A declaração alusiva ao dia 13 de Março sublinha que o histórico e nobre projecto, inspirado no sofrimento do Povo Oprimido de Angola e implementado em Muanguai, constitui a única esperança e o único instrumento credível para a realização do Angolano na Pátria do seu nascimento.

“Assente nos cinco pilares fundamentais: Liberdade e Independência total para os Homens e para a pátria-mãe; Democracia assegurada pelo voto do povo através de vários partidos; Soberania expressa e impregnada na vontade do povo de ter amigos e aliados, primando sempre o interesse dos angolanos; Igualdade de todos os angolanos na pátria do seu nascimento; e na busca de soluções económicas priorizar o campo para beneficiar a cidade, o Projecto de Muangai é actual e adaptável ao contexto de uma Angola pós independente, carente de soluções adequadas aos problemas mais básicos que assolam a sociedade angolana”, lê-se no documento da Direcção da UNITA.

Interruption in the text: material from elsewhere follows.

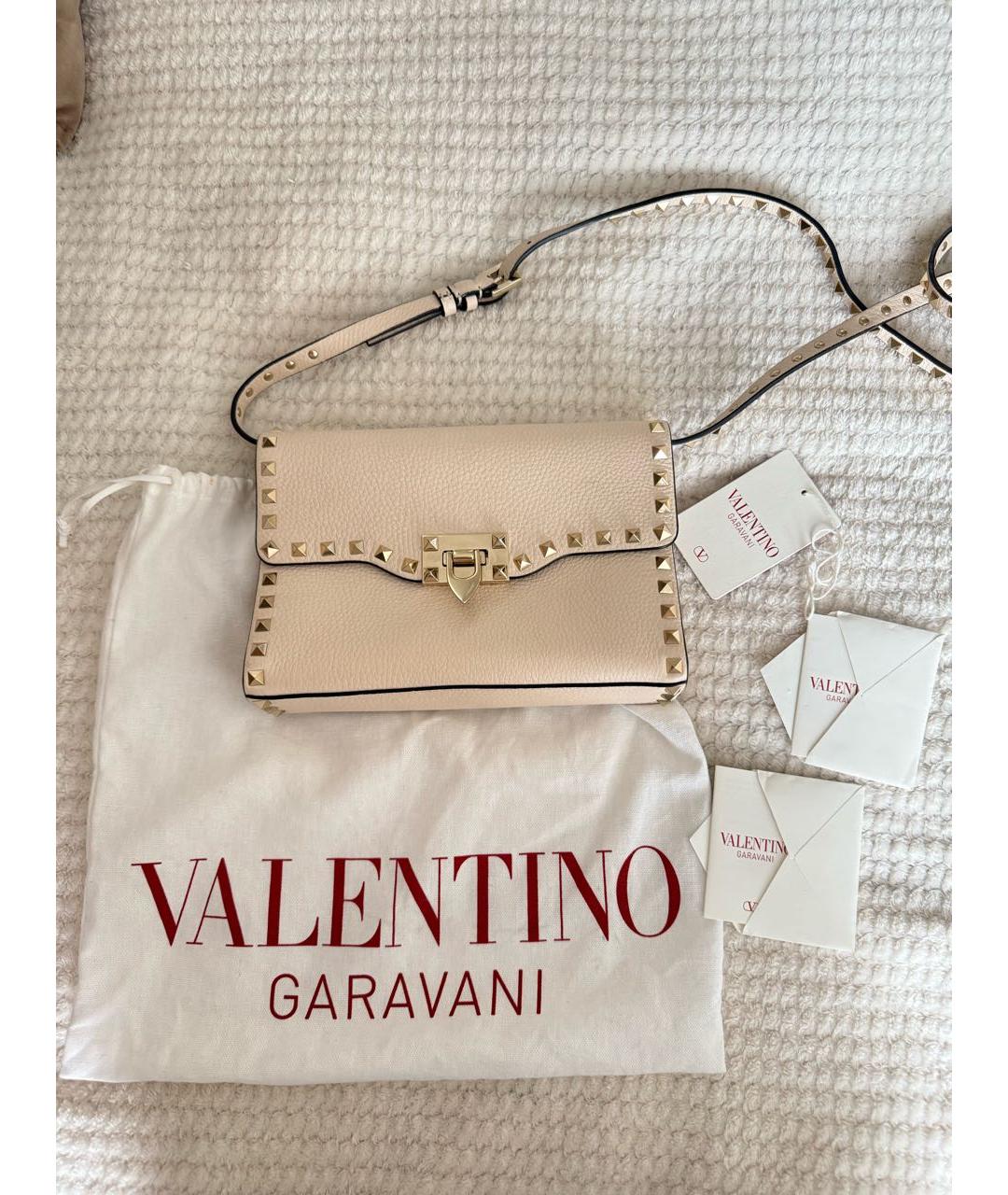 VALENTINO Бежевая кожаная сумка через плечо, фото 9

De acordo com a fonte que temos vindo a citar, fruto da má governação que se instalou no país há 43 anos, Angola e os angolanos vivem ainda momentos difíceis, de frustração, angustia e desespero dos seus filhos, sem que se vislumbre no horizonte garantias de se reverter o quadro calamitoso.

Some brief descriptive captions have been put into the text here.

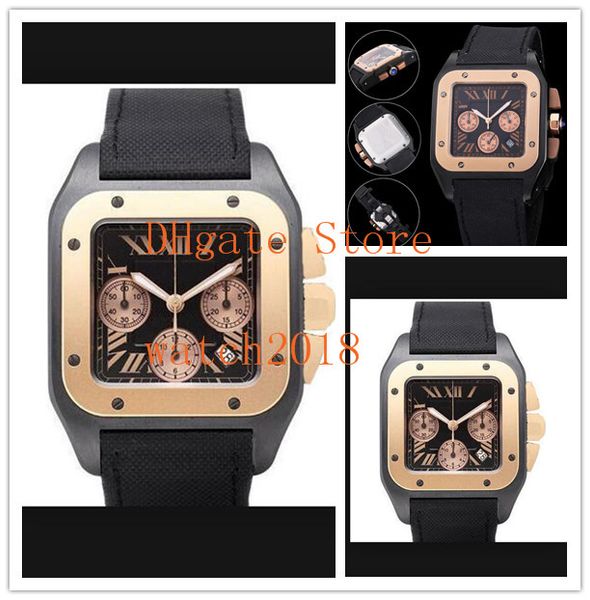 

Limited Edition 42MM Sapphire 100 W2020004 3104 Black Dial Stainless Steel Bezel VK Quartz Chronograph Fashion Men's Luxury Watches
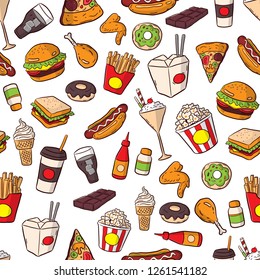 doodle pattern fast food, vector design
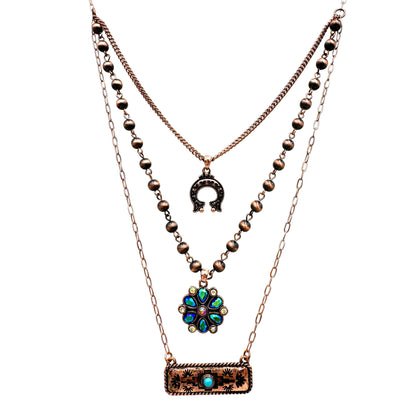 Aztec Horseshoe Flower Three Piece Necklace: Silver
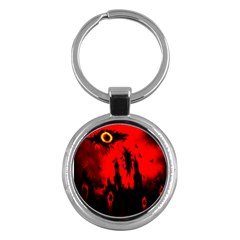 Big Eye Fire Black Red Night Crow Bird Ghost Halloween Key Chains (round) 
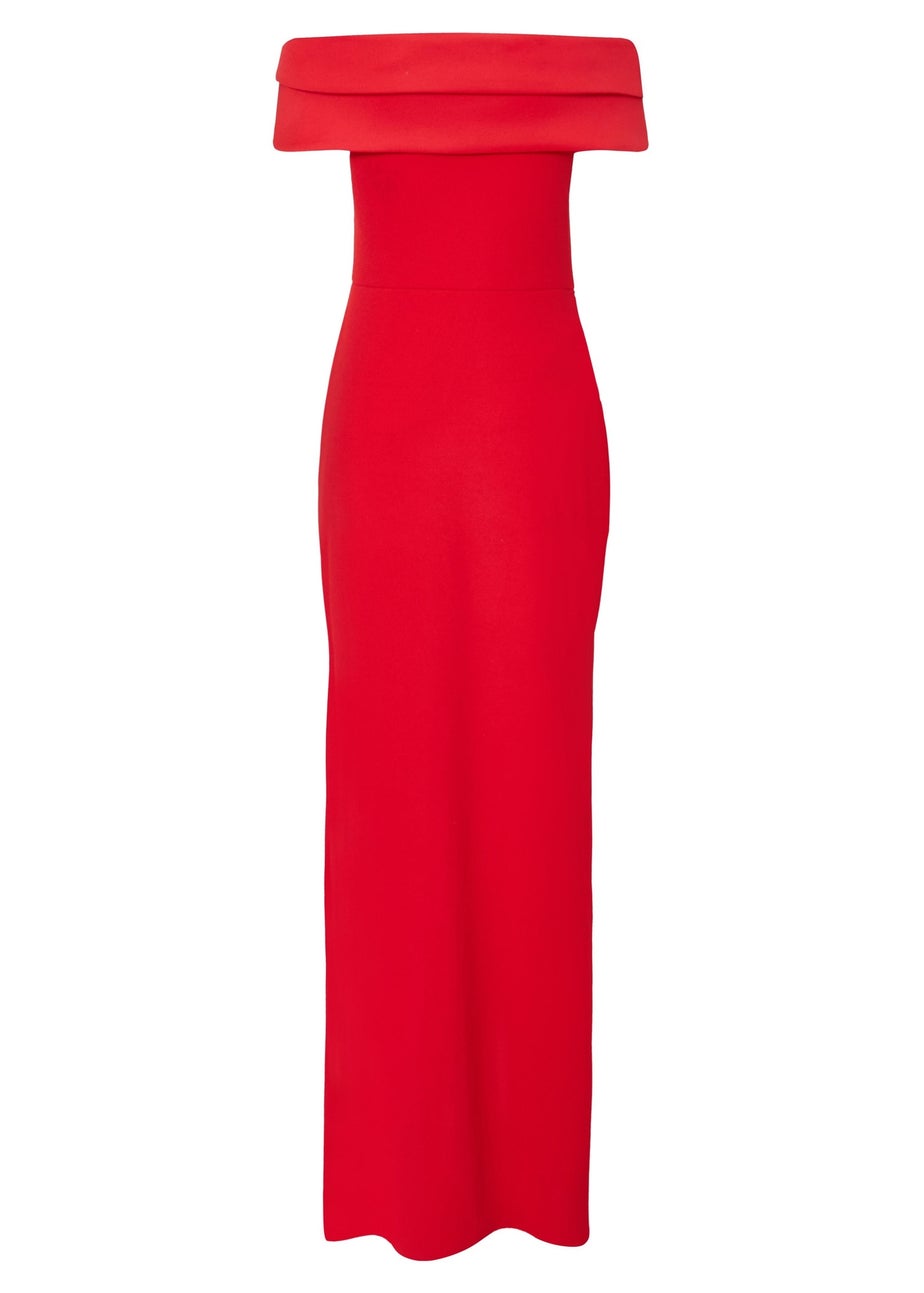 Quiz Red Pleated Bardot Maxi Dress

“As esperanças dos angolanos, como cantou e bem um dos músicos da nossa praça, continuam moribundas, o sonho de uma vida melhor que alimentou as energias de luta dos melhores filhos de Angola, não passou do sonho; o bem-estar é ainda uma miragem; Angola precisa urgentemente de mudanças politicas profundas para a dignificação dos angolanos”, defende a UNITA.

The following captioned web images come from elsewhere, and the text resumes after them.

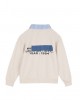 Beige logo-print sweater with contrast collar
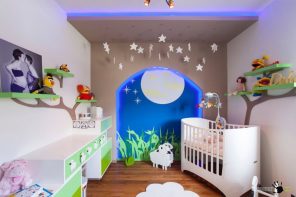 Nursery Interior Design Ideas with Photos and Practical Advice. Additional ruches in form of stars for the room with blue backlight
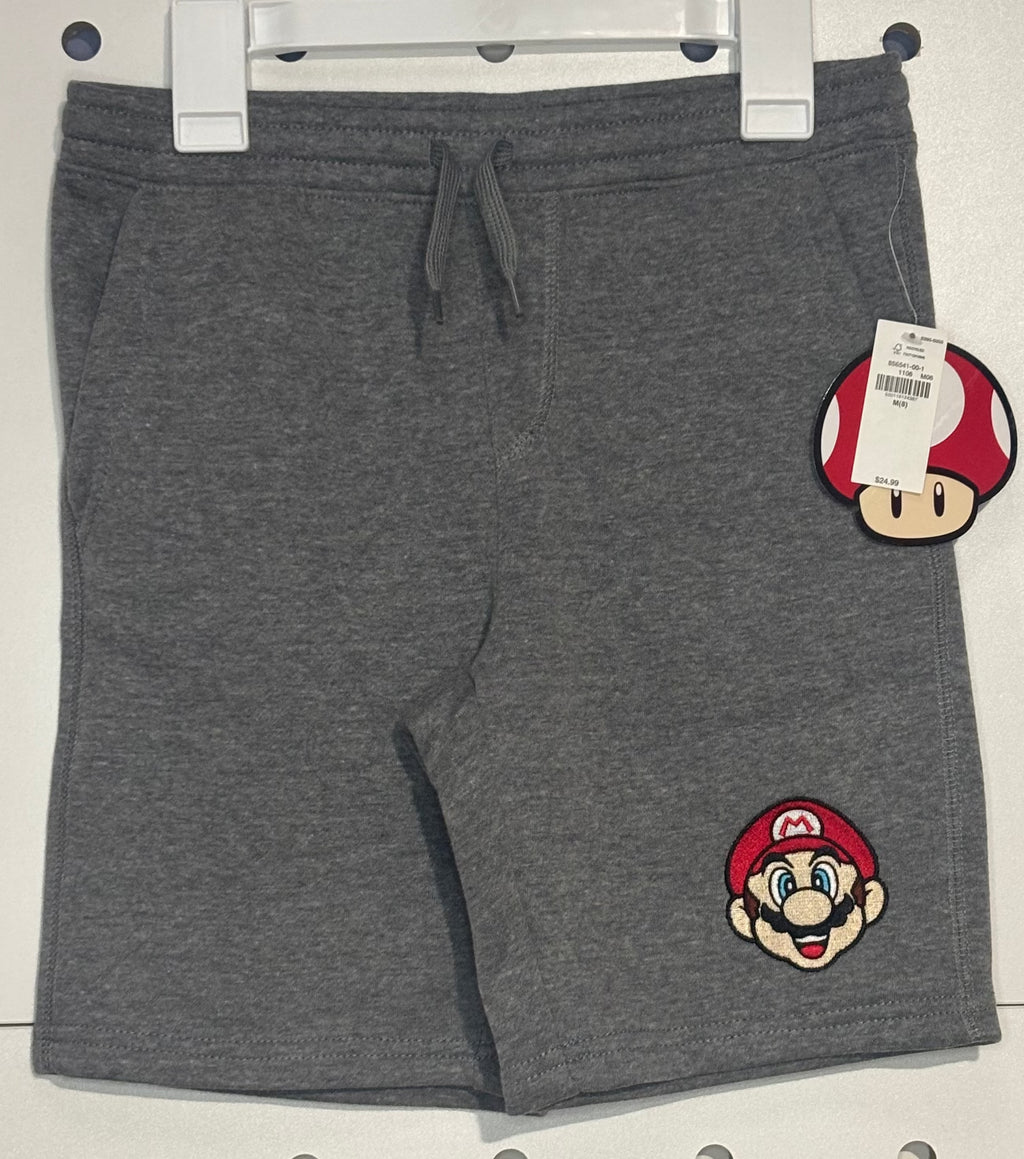 Super Mario - Youth Gray Mario Stitched Logo Sweat Shorts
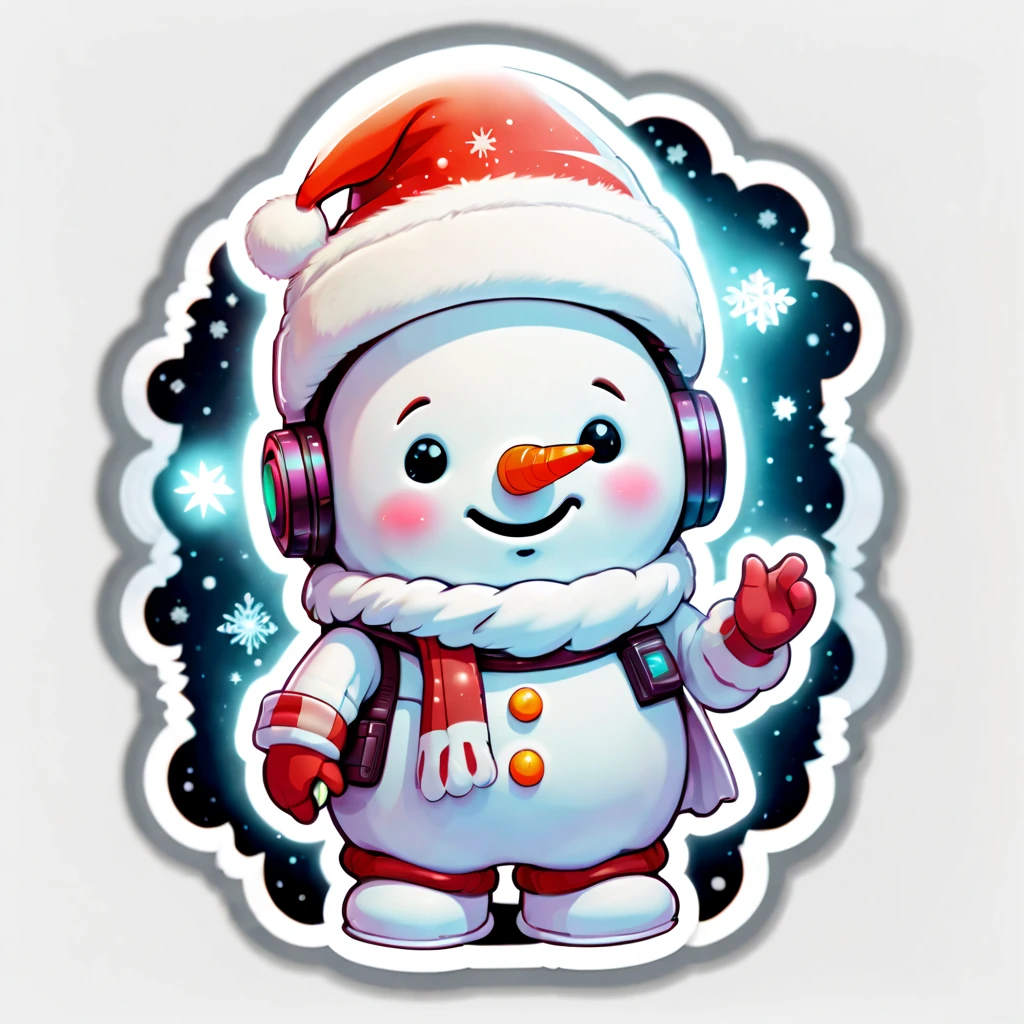 (((Stickers, Sticker))),(Full body photo),1 transparent cute Christmas snowman,Transparent mech,Exquisite Christmas hat,Luminous goggles,cyber punk personage,Dreamy glow,(((white border frame,Sticker,a sticker)))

Por ocasião do aniversário da UNITA, a Direcção do Partido declara solenemente, o seu compromisso para dar a sua contribuição aos esforços que visam a consolidação da paz, da unidade, da reconciliação nacional e da construção de um Estado verdadeiramente Democrático e de Direito em Angola, reitera a sua firme vontade e determinação de contribuir por todos os meios ao seu alcance para a implementação das Autarquias Locais em todos os Municípios, em obediência aos princípios do gradualismo funcional, contribuindo para o fim das assimetrias e abrir assim caminho para o desenvolvimento social e económico sustentado, harmonioso e equilibrado.